## EXERCISE PROMPT
With the pictures left out, reproduce exactly the lines running from the line with "Plantlife II Green | Art Print" to the last line of the material below.

## EXERCISE MATERIALS
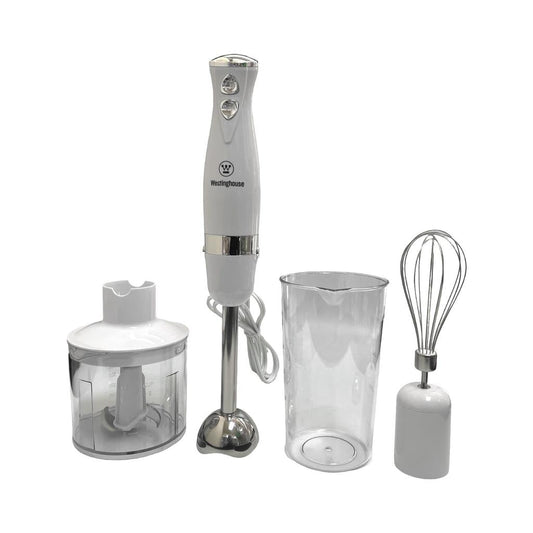 Westinghouse 3-in-1 Electric Handheld Blender-493961 ebuystt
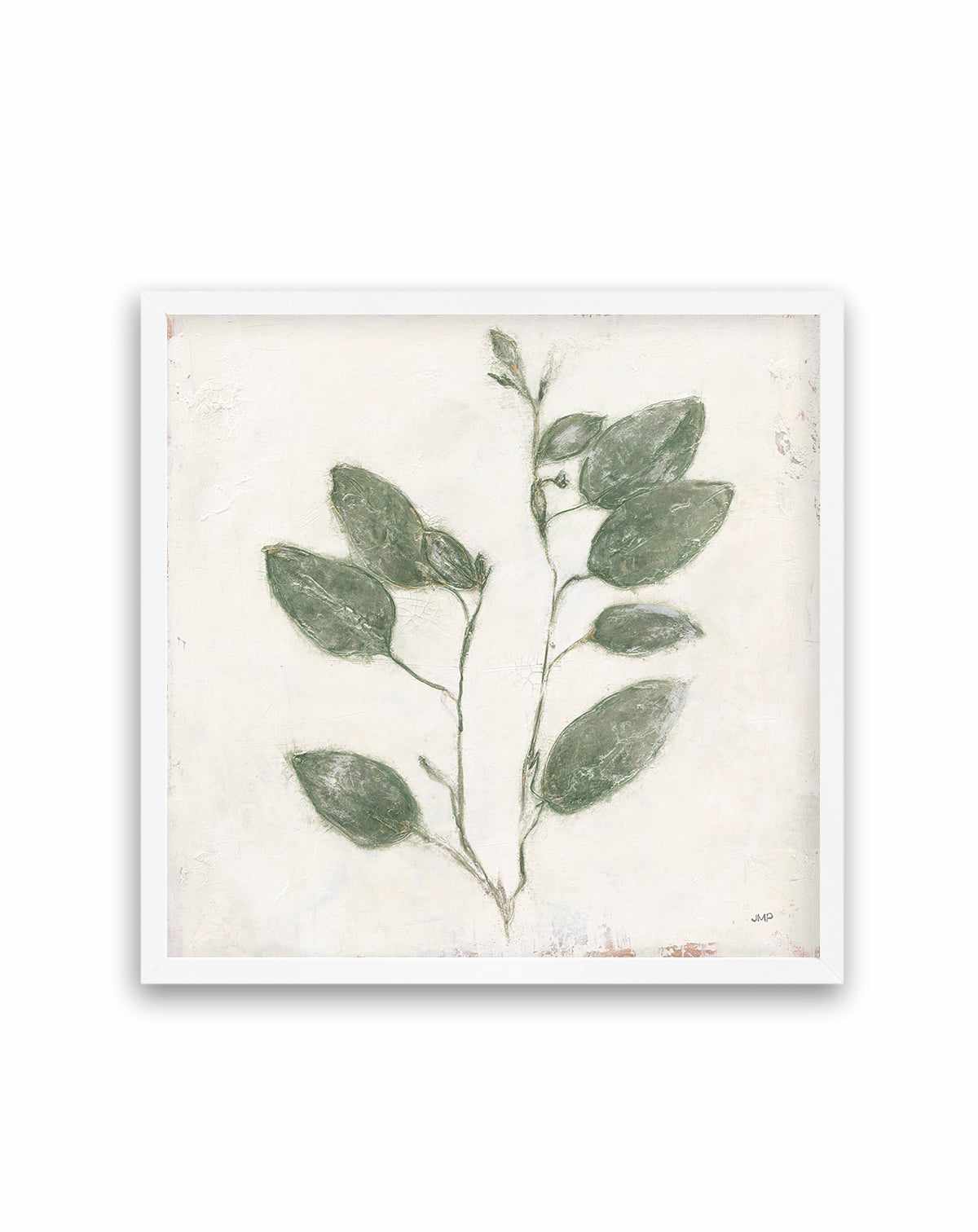 Plantlife II Green | Art Print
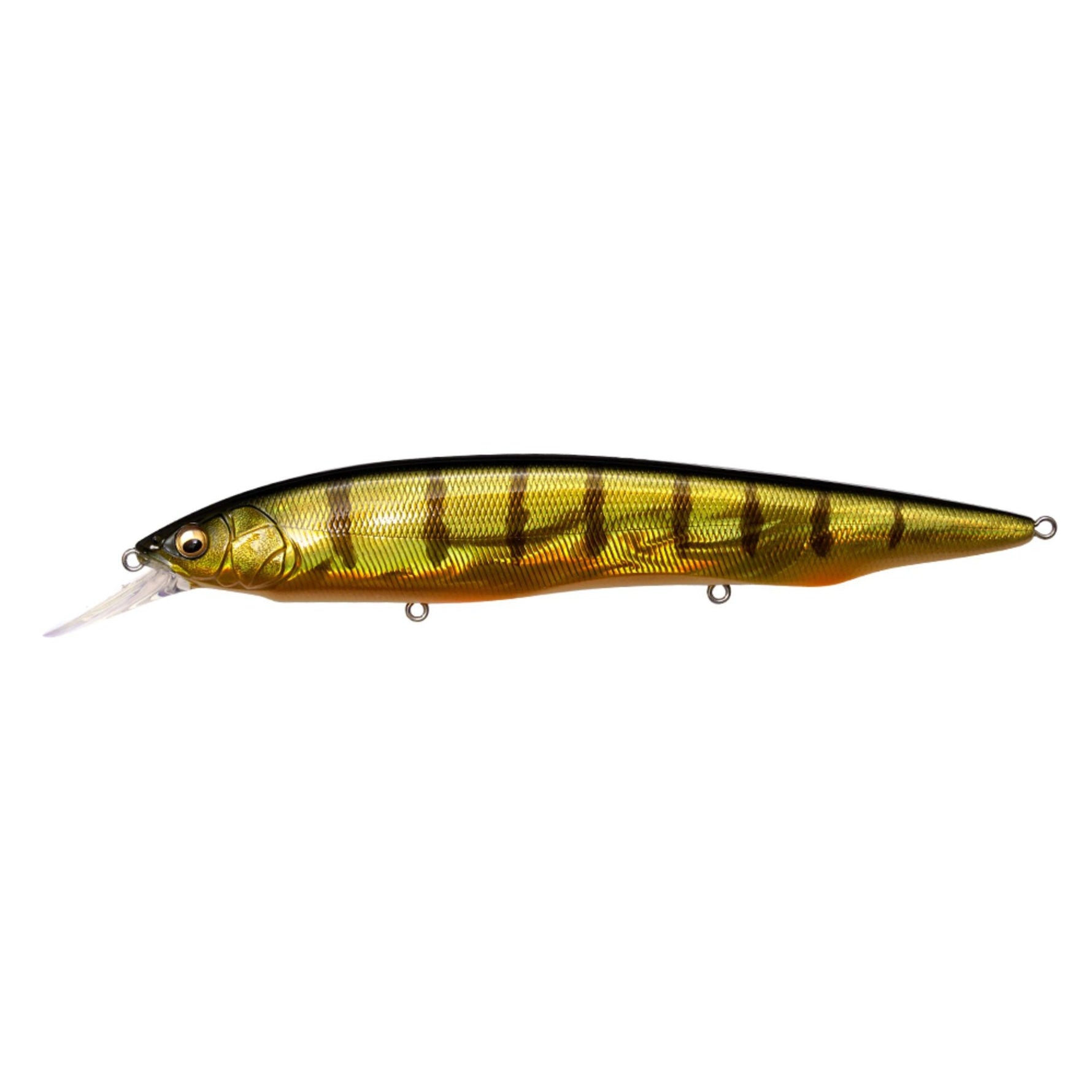 MegabassMegabass Kanata+1 Jerkbait - JerkbaitGG Perch MB - KNT1 - GP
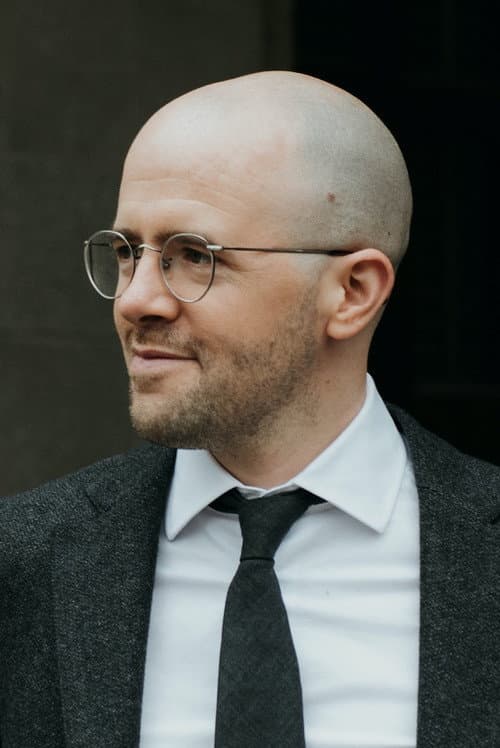 Brian Christian foto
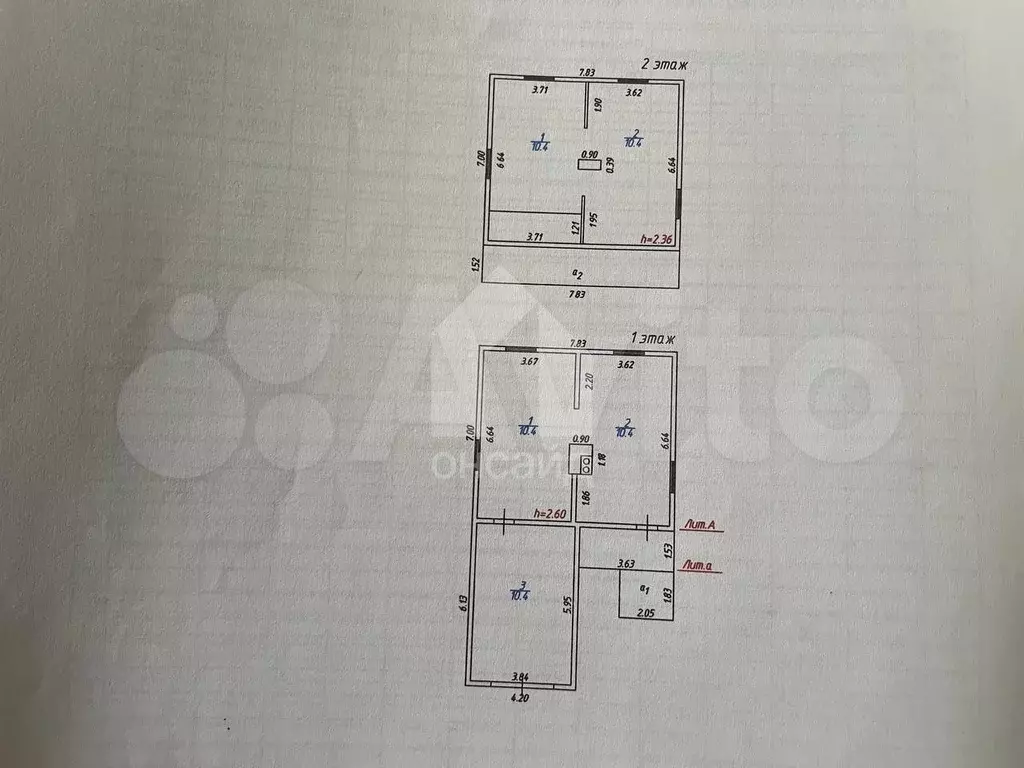 Дом 115 м на участке 7,7 сот. - Фото 0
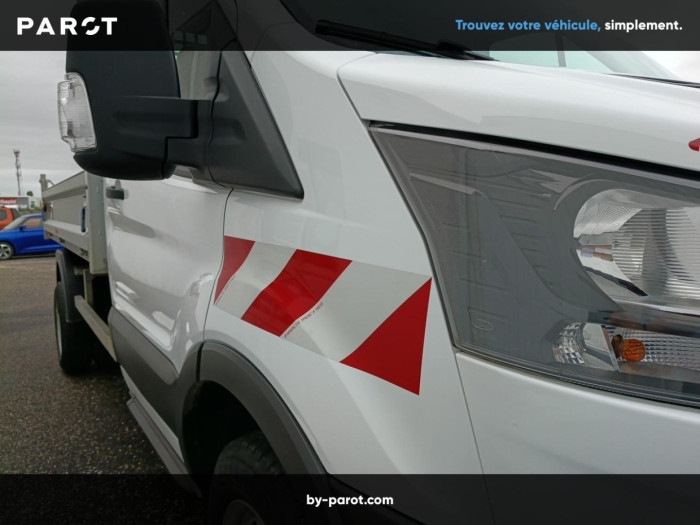 Ford Transit 2T CCb T350 L2 2.0 EcoBlue 165ch Trend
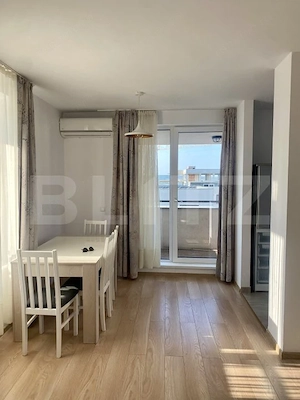 Apartament de inchiriat, cu 2 camere, 60mp, zona Calea Turzii,  Pet friendly - imagine 12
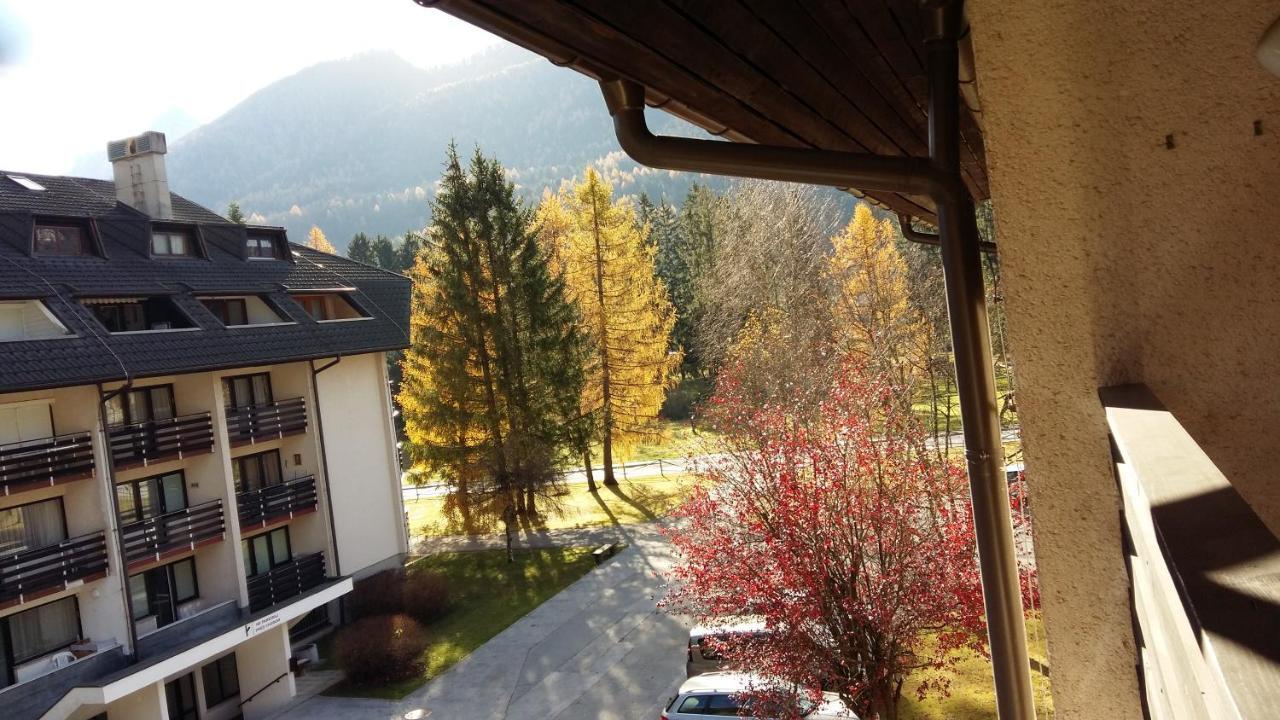 Apartman Veriga Kranjska Gora Ngoại thất bức ảnh
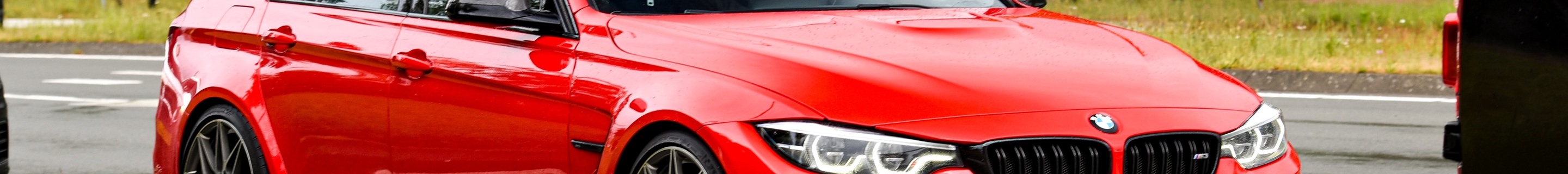 BMW M3 F80 Sedan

## REPLY
 Plantlife II Green | Art Print
 MegabassMegabass Kanata+1 Jerkbait - JerkbaitGG Perch MB - KNT1 - GP
 Brian Christian foto
 Дом 115 м на участке 7,7 сот. - Фото 0
 Ford Transit 2T CCb T350 L2 2.0 EcoBlue 165ch Trend
 Apartament de inchiriat, cu 2 camere, 60mp, zona Calea Turzii,  Pet friendly - imagine 12
 Apartman Veriga Kranjska Gora Ngoại thất bức ảnh
 BMW M3 F80 Sedan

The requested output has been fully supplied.